Smoke alarms and insulation
114 The Regulatory Impact Analysis Team (RIAT) in the Treasury has reviewed the smoke alarm and insulation RIS. RIAT considers that the information and analysis summarised in the RIS does not meet the quality assurance criteria. As well as lacking analysis (particularly of the proposals to strengthen enforcement powers, rec 8), there has been inadequate consultation.
115 Given the broad and pervasive nature of the problem definition, the objectives are narrowly defined, preventing consideration of alternative standards and methods of improving health outcomes for tenants. RIAT is not confident that the range of potential options has received adequate analysis, particularly for enforcement.
116 The RIS does identify, describe, and where possible quantify, likely impacts of the proposals. However, the impact in practice will be highly dependent on the responses of individual tenants and landlords, which are difficult to assess given the limited consultation. RIAT notes in particular that the cost-benefit analysis for smoke alarms is dependent on an assumption of high or full compliance. There is also a lack of discussion about the potential for landlords to pass on to tenants increased costs of insulation (in the form of higher rents).
117 Finally, the RIS does not differentiate the proposal to strengthen enforcement powers for RTA breaches from the proposed standards for insulation, despite these options addressing different problems. RIAT recommends that more consideration be given to including enforcement matters in the monitoring plan which should enable informed analysis in any future reform.
3 thoughts on “Individual freedom, choice, and personal responsibility – or not”
I have never read a Cabinet briefing paper before. There are a lot of recommendations from an “I” who is never identified. Is this the Minister or an unnamed civil servant? As you point out, the author seems very keen to spend someone else’s money on problems the market should address. It might not be more persuasive if we knew the identity of “I” but it would certainly be more interesting.
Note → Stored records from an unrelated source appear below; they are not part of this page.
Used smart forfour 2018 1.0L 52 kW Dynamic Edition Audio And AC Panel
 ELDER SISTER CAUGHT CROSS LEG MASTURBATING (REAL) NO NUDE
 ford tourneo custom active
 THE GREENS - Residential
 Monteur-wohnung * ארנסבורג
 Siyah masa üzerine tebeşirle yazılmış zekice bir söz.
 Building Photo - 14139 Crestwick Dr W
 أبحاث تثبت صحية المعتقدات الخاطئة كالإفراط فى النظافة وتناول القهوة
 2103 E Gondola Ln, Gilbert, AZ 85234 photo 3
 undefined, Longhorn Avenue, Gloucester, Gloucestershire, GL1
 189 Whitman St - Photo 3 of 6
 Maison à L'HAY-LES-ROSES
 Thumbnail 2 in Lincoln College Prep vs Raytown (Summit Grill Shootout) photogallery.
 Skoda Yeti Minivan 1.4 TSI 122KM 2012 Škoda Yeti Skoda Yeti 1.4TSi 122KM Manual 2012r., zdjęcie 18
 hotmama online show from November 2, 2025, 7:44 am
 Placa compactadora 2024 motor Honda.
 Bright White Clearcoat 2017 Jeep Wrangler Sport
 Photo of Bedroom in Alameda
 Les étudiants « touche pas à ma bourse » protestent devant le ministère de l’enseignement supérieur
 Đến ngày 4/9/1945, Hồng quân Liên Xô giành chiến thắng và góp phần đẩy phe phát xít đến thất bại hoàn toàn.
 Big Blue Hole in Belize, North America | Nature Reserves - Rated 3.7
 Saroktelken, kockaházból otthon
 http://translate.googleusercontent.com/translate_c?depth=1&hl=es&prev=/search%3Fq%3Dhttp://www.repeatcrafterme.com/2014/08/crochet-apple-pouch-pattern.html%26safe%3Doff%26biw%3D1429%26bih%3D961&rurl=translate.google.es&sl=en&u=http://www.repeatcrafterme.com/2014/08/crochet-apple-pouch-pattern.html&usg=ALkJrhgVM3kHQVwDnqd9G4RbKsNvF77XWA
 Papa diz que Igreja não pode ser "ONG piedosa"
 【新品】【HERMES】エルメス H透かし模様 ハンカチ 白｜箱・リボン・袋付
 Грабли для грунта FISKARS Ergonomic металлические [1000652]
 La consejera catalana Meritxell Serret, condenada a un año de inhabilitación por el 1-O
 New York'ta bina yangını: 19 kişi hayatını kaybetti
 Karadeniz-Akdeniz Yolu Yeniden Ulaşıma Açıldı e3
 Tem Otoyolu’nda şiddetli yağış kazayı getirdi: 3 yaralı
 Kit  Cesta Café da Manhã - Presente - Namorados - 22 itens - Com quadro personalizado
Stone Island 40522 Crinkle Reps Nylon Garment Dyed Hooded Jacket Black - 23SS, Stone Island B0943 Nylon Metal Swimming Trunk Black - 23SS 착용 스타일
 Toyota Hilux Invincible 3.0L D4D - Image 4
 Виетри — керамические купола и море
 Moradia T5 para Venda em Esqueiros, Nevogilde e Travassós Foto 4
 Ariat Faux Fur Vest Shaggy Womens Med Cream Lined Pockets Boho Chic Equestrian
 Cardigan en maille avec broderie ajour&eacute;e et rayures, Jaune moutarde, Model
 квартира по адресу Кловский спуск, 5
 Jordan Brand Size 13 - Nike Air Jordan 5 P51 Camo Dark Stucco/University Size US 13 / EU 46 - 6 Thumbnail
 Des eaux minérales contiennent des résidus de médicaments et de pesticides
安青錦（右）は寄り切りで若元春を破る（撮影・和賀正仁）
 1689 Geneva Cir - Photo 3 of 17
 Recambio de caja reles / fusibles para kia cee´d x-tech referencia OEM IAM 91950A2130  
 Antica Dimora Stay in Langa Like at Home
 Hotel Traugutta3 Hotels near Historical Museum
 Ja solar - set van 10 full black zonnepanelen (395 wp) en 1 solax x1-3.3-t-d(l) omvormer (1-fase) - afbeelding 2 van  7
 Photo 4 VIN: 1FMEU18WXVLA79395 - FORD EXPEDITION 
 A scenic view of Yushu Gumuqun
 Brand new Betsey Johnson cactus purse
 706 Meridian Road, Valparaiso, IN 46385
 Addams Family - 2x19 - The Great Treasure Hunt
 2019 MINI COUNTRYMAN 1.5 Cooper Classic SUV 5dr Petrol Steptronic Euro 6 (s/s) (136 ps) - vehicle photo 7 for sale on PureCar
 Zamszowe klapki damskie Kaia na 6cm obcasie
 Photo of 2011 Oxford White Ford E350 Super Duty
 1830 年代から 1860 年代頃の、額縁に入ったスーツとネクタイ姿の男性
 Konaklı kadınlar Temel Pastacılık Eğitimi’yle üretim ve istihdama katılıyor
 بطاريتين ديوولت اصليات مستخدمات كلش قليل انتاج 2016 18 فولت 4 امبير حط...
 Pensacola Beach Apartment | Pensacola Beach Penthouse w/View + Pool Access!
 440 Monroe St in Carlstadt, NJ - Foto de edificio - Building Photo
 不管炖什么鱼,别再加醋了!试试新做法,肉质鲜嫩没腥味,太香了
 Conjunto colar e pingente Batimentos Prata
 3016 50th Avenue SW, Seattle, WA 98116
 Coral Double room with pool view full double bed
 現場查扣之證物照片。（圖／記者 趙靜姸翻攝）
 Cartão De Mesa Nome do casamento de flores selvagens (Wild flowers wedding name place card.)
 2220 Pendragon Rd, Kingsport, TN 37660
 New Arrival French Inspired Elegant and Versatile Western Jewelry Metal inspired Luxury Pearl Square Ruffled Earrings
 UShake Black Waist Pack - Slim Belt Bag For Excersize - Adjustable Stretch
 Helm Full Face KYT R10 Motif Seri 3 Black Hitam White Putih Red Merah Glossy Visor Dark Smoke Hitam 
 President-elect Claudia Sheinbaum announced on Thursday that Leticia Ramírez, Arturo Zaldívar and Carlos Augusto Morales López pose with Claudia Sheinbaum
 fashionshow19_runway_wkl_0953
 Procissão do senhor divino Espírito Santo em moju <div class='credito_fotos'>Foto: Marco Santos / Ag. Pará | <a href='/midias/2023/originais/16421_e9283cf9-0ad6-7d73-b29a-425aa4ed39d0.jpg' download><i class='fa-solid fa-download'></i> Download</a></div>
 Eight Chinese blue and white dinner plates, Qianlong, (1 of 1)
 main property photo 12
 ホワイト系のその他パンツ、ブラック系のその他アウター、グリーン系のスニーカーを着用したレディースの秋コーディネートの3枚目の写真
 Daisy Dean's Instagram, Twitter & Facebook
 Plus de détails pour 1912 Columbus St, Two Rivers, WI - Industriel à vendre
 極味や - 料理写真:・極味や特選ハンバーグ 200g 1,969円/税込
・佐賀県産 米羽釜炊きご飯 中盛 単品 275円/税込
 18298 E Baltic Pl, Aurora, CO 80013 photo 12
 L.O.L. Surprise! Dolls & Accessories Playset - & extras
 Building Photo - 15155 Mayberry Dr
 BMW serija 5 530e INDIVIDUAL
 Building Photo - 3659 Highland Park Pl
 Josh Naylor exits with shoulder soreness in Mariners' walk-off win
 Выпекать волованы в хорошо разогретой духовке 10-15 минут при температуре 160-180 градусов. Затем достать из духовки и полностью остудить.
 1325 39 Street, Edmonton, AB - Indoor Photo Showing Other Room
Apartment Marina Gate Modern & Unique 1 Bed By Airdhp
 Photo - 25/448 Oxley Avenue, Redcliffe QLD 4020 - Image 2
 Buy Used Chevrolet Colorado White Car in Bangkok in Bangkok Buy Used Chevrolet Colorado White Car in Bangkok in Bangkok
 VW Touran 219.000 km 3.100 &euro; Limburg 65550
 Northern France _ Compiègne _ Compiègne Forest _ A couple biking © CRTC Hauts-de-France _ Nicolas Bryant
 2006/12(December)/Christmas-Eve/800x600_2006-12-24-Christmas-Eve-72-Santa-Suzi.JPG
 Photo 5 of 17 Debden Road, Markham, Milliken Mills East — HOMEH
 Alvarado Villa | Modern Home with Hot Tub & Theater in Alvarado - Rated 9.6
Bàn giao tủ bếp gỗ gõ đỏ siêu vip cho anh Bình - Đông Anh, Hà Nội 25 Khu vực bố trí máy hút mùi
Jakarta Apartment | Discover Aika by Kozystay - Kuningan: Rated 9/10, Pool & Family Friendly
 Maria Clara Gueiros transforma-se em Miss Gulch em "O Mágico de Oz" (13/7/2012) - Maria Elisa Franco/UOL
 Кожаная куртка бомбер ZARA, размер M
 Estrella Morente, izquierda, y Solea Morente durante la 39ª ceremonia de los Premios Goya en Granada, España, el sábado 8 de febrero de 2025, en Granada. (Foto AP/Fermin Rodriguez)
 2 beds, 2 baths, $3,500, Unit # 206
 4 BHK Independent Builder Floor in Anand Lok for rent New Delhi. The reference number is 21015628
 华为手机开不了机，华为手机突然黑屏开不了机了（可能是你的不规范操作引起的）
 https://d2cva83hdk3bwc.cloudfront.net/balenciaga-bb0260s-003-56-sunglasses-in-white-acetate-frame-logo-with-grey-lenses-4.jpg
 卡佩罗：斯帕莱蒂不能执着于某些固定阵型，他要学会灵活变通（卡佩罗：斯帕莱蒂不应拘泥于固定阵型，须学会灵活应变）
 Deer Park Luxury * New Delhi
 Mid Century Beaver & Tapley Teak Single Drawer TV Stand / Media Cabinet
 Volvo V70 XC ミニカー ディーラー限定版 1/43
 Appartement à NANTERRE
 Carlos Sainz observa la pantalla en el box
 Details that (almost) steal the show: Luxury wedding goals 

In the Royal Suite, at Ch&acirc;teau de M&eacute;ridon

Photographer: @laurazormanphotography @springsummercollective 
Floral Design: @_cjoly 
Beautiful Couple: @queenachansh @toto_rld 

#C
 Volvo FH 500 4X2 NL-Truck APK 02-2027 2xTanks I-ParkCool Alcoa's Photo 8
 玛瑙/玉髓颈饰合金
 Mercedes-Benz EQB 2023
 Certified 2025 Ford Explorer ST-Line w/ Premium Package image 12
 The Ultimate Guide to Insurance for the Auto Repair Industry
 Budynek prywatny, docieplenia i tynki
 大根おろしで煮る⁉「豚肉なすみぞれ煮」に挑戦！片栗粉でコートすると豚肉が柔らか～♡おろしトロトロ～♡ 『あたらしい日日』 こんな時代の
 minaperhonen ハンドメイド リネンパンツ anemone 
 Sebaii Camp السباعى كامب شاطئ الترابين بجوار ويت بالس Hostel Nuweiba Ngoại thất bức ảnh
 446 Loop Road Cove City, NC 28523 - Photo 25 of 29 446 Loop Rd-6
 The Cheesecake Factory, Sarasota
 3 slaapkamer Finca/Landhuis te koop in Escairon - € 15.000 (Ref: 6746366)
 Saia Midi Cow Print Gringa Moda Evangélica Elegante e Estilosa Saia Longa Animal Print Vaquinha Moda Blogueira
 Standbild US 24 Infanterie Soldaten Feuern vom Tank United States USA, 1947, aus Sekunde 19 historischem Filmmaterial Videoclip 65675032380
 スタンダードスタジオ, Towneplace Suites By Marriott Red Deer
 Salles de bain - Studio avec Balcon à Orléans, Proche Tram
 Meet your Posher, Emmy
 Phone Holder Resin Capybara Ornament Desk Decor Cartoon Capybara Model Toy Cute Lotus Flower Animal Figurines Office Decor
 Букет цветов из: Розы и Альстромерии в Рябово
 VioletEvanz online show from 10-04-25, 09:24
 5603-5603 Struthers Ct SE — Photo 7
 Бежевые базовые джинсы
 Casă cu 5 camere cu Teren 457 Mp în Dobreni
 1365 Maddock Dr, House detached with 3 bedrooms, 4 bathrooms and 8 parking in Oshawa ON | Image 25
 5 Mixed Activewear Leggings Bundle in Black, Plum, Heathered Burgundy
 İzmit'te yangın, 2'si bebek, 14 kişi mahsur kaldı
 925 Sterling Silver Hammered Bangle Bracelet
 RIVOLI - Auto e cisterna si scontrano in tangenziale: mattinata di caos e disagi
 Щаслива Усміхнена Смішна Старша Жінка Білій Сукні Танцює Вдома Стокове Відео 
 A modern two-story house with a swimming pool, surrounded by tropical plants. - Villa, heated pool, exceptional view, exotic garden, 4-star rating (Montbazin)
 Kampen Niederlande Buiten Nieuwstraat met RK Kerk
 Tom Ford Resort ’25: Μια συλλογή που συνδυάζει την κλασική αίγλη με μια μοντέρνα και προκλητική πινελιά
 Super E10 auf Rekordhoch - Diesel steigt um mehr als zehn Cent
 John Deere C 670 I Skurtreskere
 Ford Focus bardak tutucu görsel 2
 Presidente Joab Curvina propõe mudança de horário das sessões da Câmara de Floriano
Cabinet papers are always from the Minister him or herself (altho written by officials with varying degrees of involvement by ministers themselves, depending on the issue and Minister. With this one, I think we can assume a pretty high degree of Nick Smith involvement.
Nice post. Read somewhere that seat belts were not cost effective unless 15% used them.
Warrant of fitness proposals last year include the landlord maintaining the battery on smoke alarms because they know tenants often do not bother.